I have what is probably a simple question for you frame builders but nobody seems to know for sure at the LBS's around here.

Why do manufacturers use composite materials in the seat stays? I thought that the compressive nature of carbon fiber composite materials was not something you wanted in a bicycle frame. Doesnt' carbon work best under loads that stretch the material rather than compress it? Is there more to it that just vibration control, or is there something to the carbon fiber "implants" in an aluminum frame that produces good vertical compliance and retains decent horizontal stiffness? 


This is a puzzle to me because it looks to me like the manufacturers are just going. 

"look, carbon fiber, you should buy this bike cause it has carbon fiber right here so you can see it really well." 

Wouldn't it make more sense to use a good butted aluminum curvy seatstay that is a lot more resistant to things like compression and cracking and still very vertically compliant?


Just Wondering

HD


----------



## unterhausen (Sep 28, 2008)

I think you've broken the code. I like carbon forks a lot, anything else seems silly to me.


----------



## jay_ntwr (Feb 15, 2008)

Call Boeing and alert them to this shortcoming with carbon fiber immediately! The 777s have carbon wings in compression (at least on top of the wing). Clearly, they should have the software guys designing this stuff and not the mechanical guys as they've got no idea what they are doing apparently.


----------



## Schmitty (Sep 7, 2008)

You've got it HD. Marketing. Carbon may, or may not be 'appropriate' in that app. One thing for sure, a well designed (fit/function) frame trumps whether the stays are carbon or the same material as the rest of the frame.

I don't think a carbon plug in stay bike necessarily rides bad, but it kinda begs the question, why not go full carbon. 'uh because I have an oxy setup outside and don't know how to make carbon'. Or some folks simply aren't into the material. Being stuck in the middle seems a bit odd, as do the hard core old guard lug heads who pooh pooh everything new, and then proceed to deck their lug frames with every hokey carbon component known to mankind. But 1 1/8 headsets and carbon forks... no way.

-Schmitty-


----------



## dbohemian (Mar 25, 2007)

jay_ntwr said:


> Call Boeing and alert them to this shortcoming with carbon fiber immediately! The 777s have carbon wings in compression (at least on top of the wing). Clearly, they should have the software guys designing this stuff and not the mechanical guys as they've got no idea what they are doing apparently.


I could be wrong here but I do believe that the Boeing 777 has CFRP only on the wing trailing edge, tailfin, elevators and a few other things like engine nacelles and landing gear doors. The top of the wing is not carbon and most of the structures are not in heavy compression. Boeing 787 dreamliner has carbon fiber wings. Then again, they haven't delivered 787 yet.

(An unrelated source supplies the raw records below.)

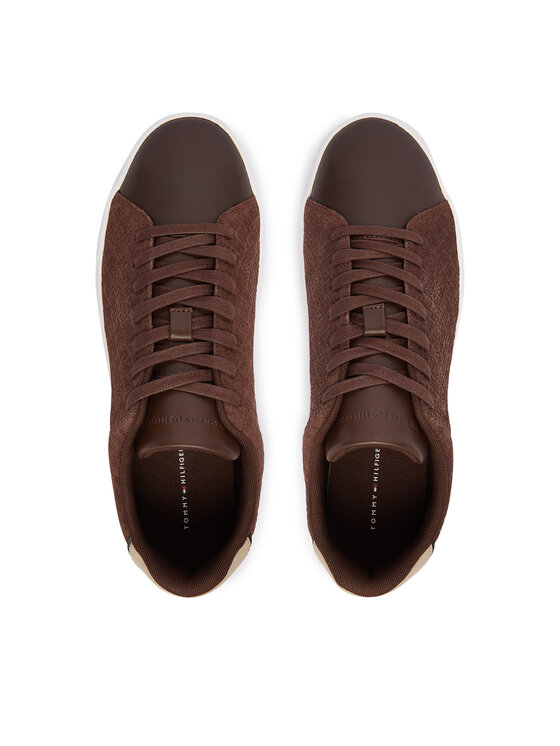 Tommy Hilfiger Sneakers Tommy Hilfiger Th Court Lth Mix Monogram FM0FM06082 Marrone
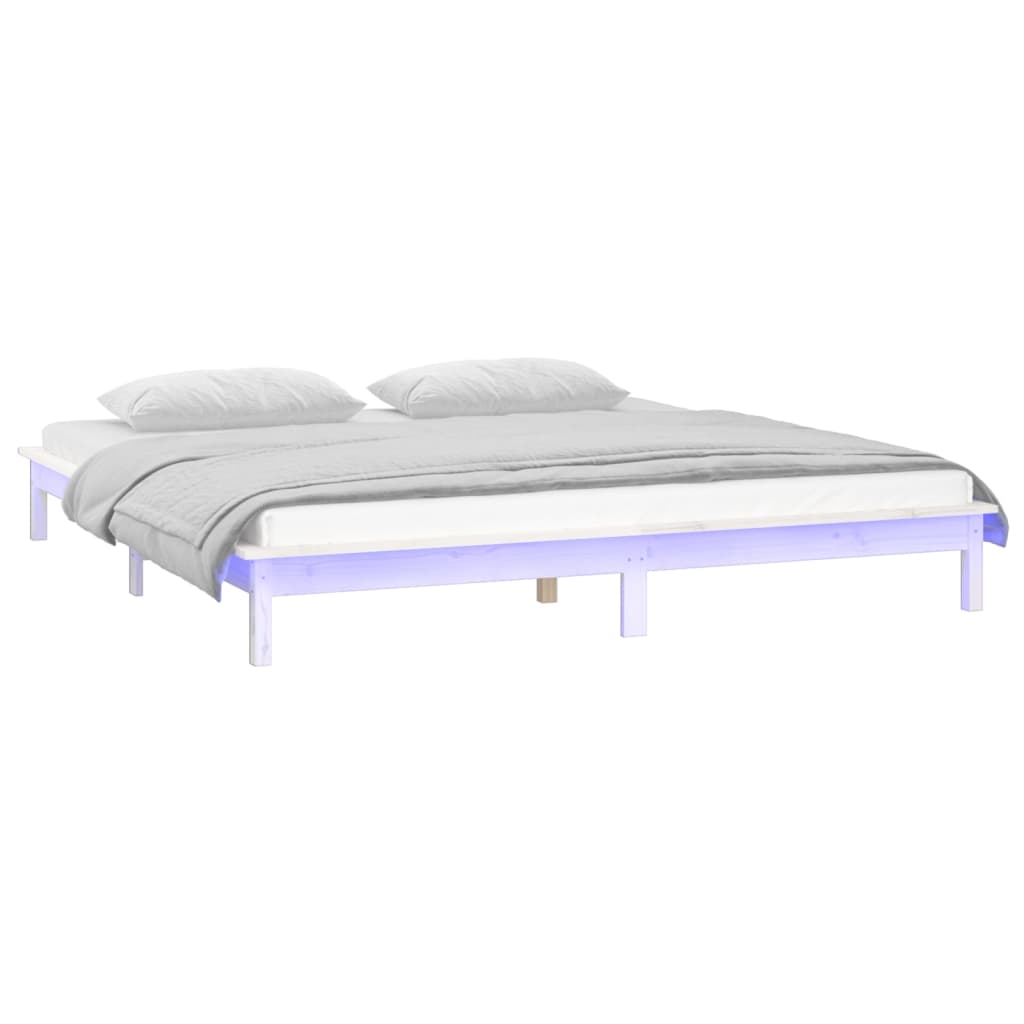 Solid wood bed with LED lighting white 160x200 cm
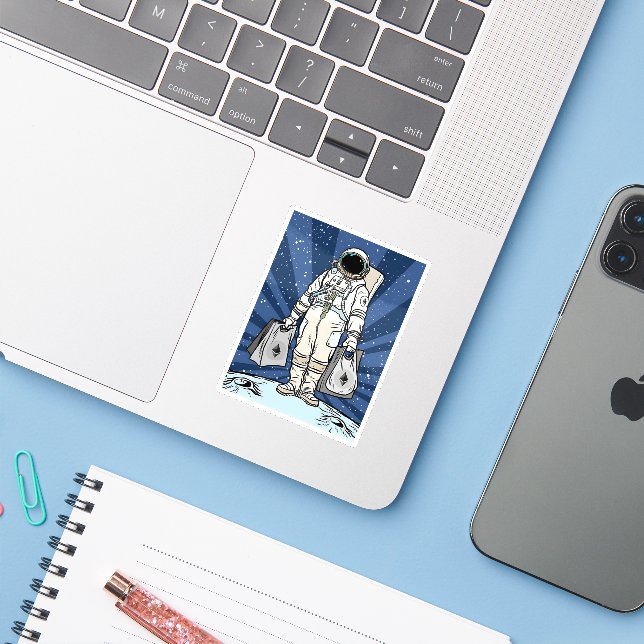Ethereum To The Moon ETH Space Man Merch  (Laptop w/ iPhone)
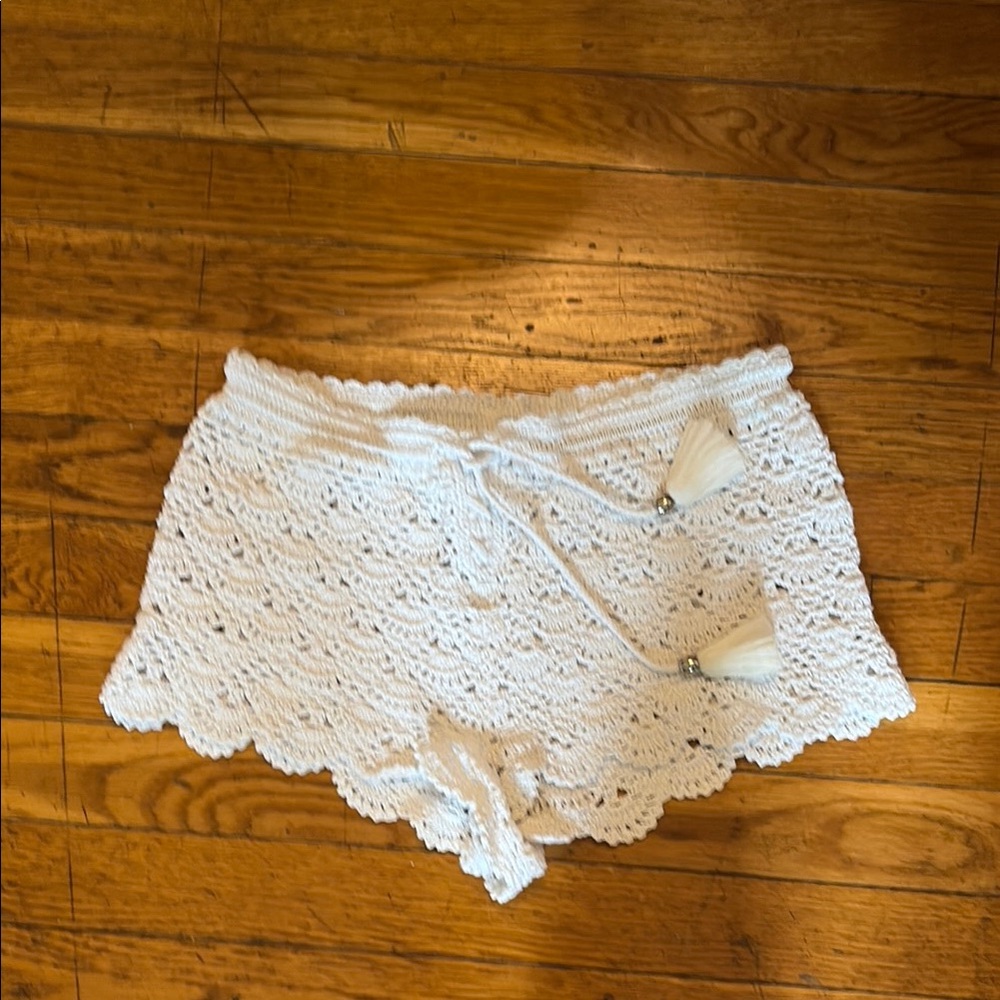 Poupette St. Barth High Waist White Lace Shorts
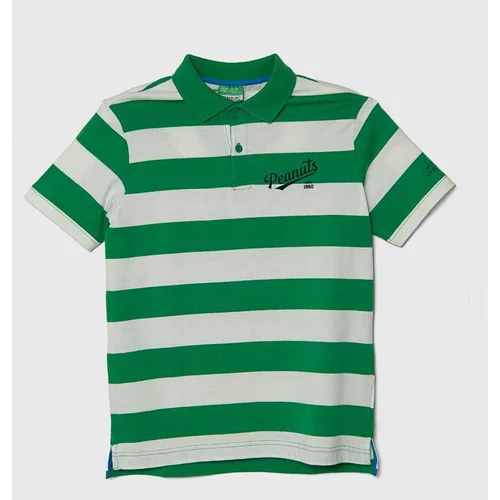 United Colors Of Benetton Pamučna polo majica x Snoopy boja: zelena, s uzorkom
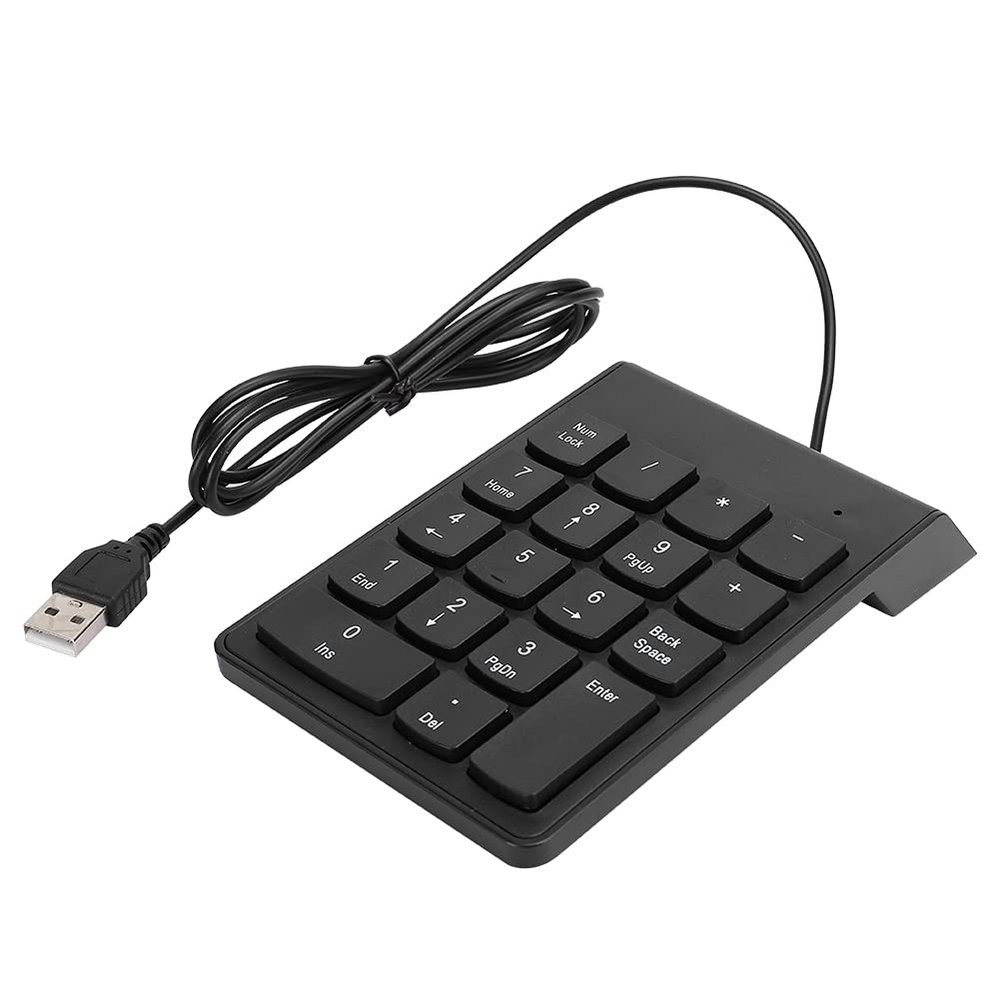 18 Key USB Keyboard Mini Mute Small Keypad Wired Digital for Desktop Desktop Sculpture, Number Pad Keyboard Financial Business (Black)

Some experts are still very sceptical of the durability of the carbon structures. Guess we will have to wait and see. I am looking to flying on one someday.

Dave B
Bohemian


----------



## unterhausen (Sep 28, 2008)

jay_ntwr said:


> Call Boeing and alert them to this shortcoming with carbon fiber immediately! The 777s have carbon wings in compression (at least on top of the wing).


Obviously, carbon stays are successfully used on top of the line bicycles, so there is nothing wrong with them at all. Carbon rear triangles make sense on a full carbon bike. I don't really see the purpose of a hybrid carbon/steel frame. Why not a carbon main triangle and steel/alu rear triangle?


----------



## pvd (Jan 4, 2006)

I'd take carbon seatstays over anything else in a second. I don't know what anyone else is thinking. What's good for forks is good for seatstays.


----------



## buckoW (Feb 7, 2007)

The seatstays on my dh bike are carbon and are much stiffer and 50g lighter than the aluminum ones. They are holding up very well and have withstood plenty of impacts.


----------



## jay_ntwr (Feb 15, 2008)

dbohemian said:


> I could be wrong here but I do believe that the Boeing 777 has CFRP only on the wing trailing edge, tailfin, elevators and a few other things like engine nacelles and landing gear doors. The top of the wing is not carbon and most of the structures are not in heavy compression. Boeing 787 dreamliner has carbon fiber wings. Then again, they haven't delivered 787 yet. Some experts are still very sceptical of the durability of the carbon structures. Guess we will have to wait and see. I am looking to flying on one someday.
> 
> Dave B
> Bohemian


Dave, I stand corrected. I've got no idea where I got that from I suppose as I can't find anything to reference it. It must have been hearsay that I repeated.


----------



## compositepro (Jun 21, 2007)

at last it begins to dawn on people carbon aint so bad afterall


----------



## unterhausen (Sep 28, 2008)

compositepro said:


> at last it begins to dawn on people carbon aint so bad afterall


Carbon is great. I realized after that last picture that I know nothing about mountain bikes so I should STFU


----------



## compositepro (Jun 21, 2007)

no fella when youve been around carbon you hear all the horror this and that the naysayers and then you know the actual truth its far better than many imagine and to be honest sometimes even better.

I suppose it comes down to acceptence and whilst its my preferred tool of choice sometimes its not the best ...but its been a long time coming for people to accept it


----------



## MrCookie (Apr 24, 2005)

Carpet fibre is good stuffs.
Here's where I work and do my composites stuff.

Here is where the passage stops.